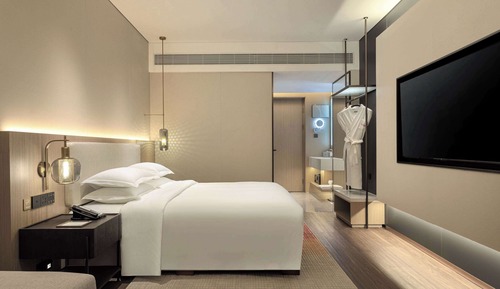 Chambre, 1 très grand lit, accessible aux personnes à mobilité réduite, non-fumeurs
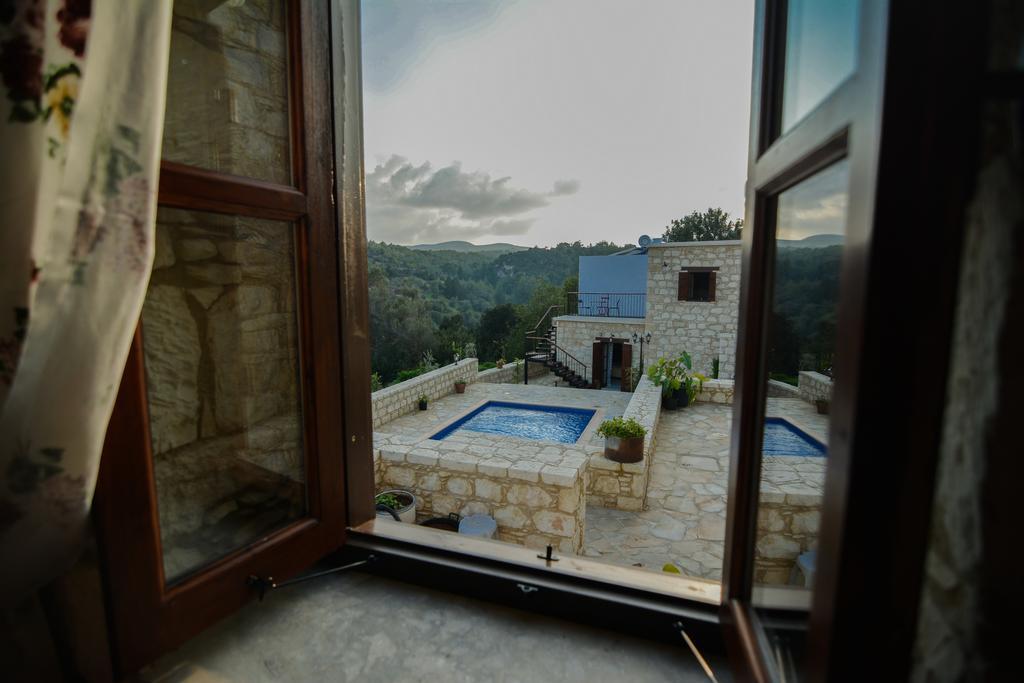 Aliki'S House 1+ 2 Guest House Polis Bilik gambar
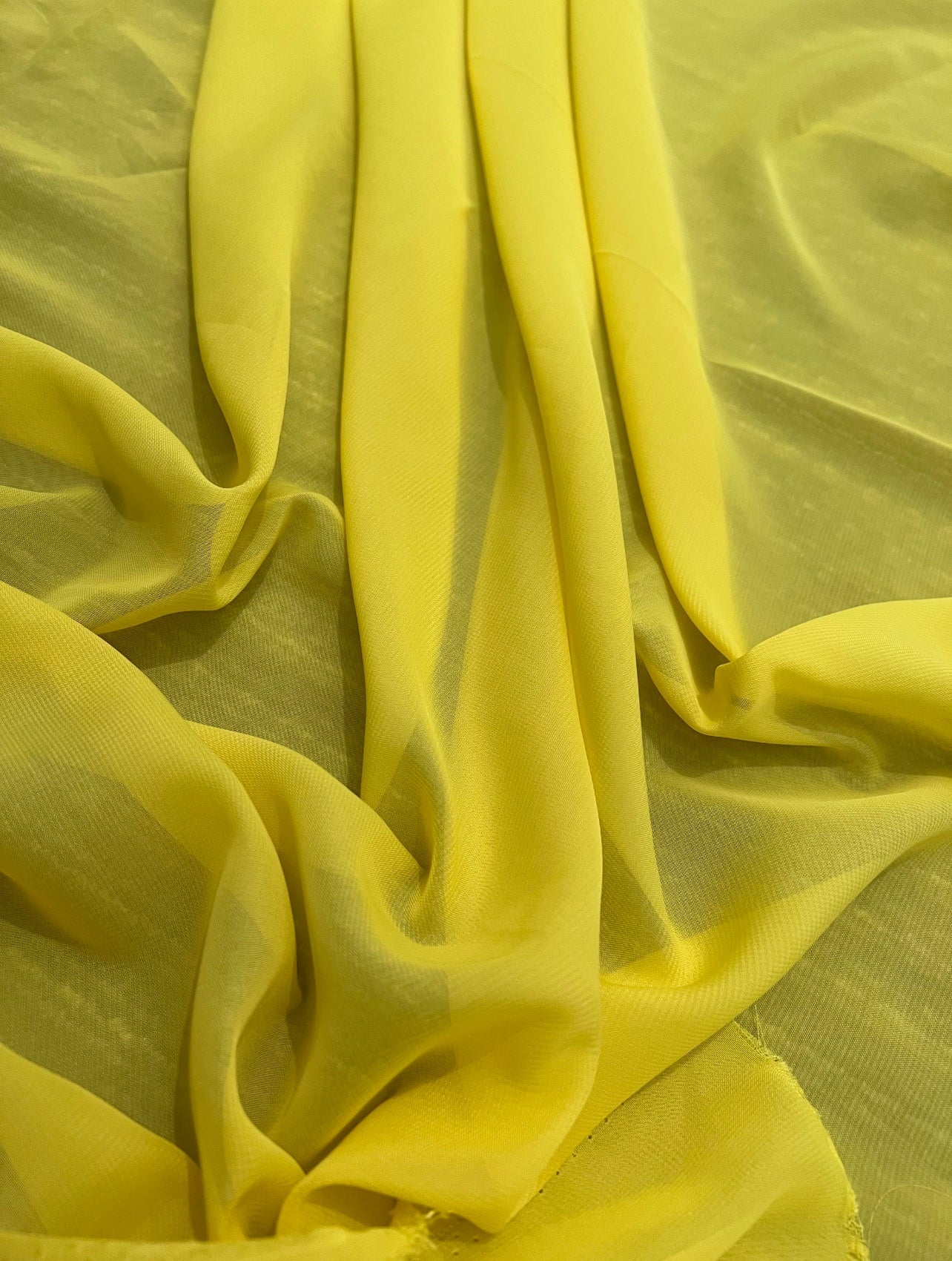 yellow chiffon, light yellow chiffon, lemon chiffon, dark yellow chiffon, chiffon for woman, chiffon for bride, premium chiffon, chiffon in low price, chiffon for party wear, chiffon for gown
▬▬▬▬▬▬▬▬▬▬
Exercise directions:
Please produce an exact copy of the listing, omitting the pictures.

Task solution:
 Chambre, 1 très grand lit, accessible aux personnes à mobilité réduite, non-fumeurs
 Aliki'S House 1+ 2 Guest House Polis Bilik gambar
 yellow chiffon, light yellow chiffon, lemon chiffon, dark yellow chiffon, chiffon for woman, chiffon for bride, premium chiffon, chiffon in low price, chiffon for party wear, chiffon for gown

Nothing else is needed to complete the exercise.